De vraag 'doen we wel het juiste?' staat nu bovenaan de agenda van accountantsorganisaties. En dus de discussie daarover en de vaardigheden om die discussie te voeren. Vaardigheden waarover de accountant van huis uit niet beschikte.
Worsteling
Discussie is onvermijdelijk, omdat controlekwaliteit immers geen gelopen koers is. Van Vuuren (Q Accountants) en anderen zien een worsteling. "Het is de worsteling: wanneer is het goed genoeg? We kunnen zeggen dat controlekwaliteit op één staat en dat het eerst goed moet zijn voordat we ons kunnen buigen over het rendement van een opdracht, maar er zijn altijd grenzen. Maar waar liggen die?"

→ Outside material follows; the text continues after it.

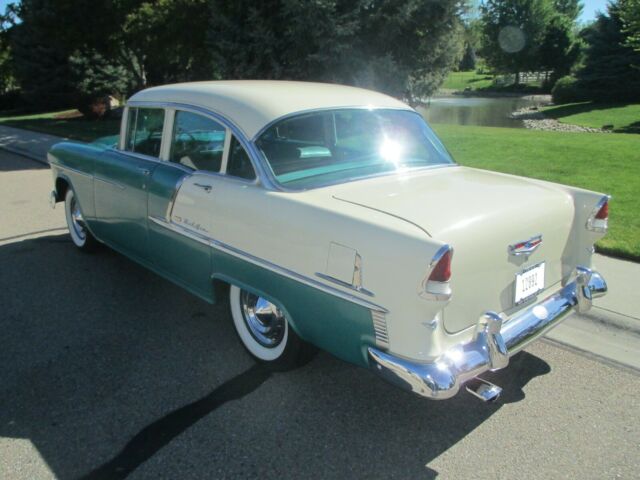 1955 Green Chevrolet Bel Air/150/210 Sedan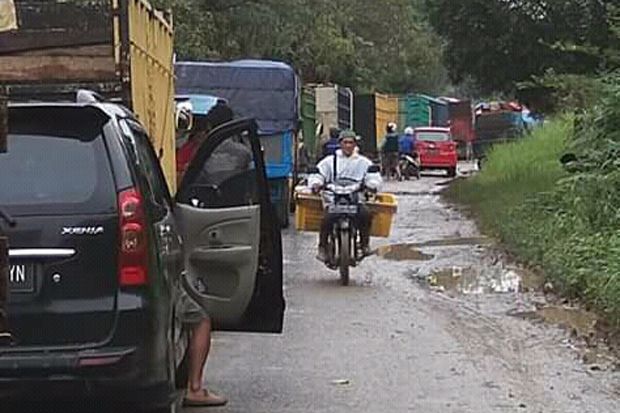 Jalan Provinsi Rusak Parah, Bupati Dodi Ambil Langkah Tanggap Darurat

Het gaat om grenzen ten aanzien van twee vragen. Ten eerste: hebben de accountants met betrekking tot een post voldoende en geschikte controleinformatie verzameld? Ten tweede: hebben ze de overwegingen bij de keuzes die ze daarbij maken voldoende gedocumenteerd, vastgelegd in het dossier?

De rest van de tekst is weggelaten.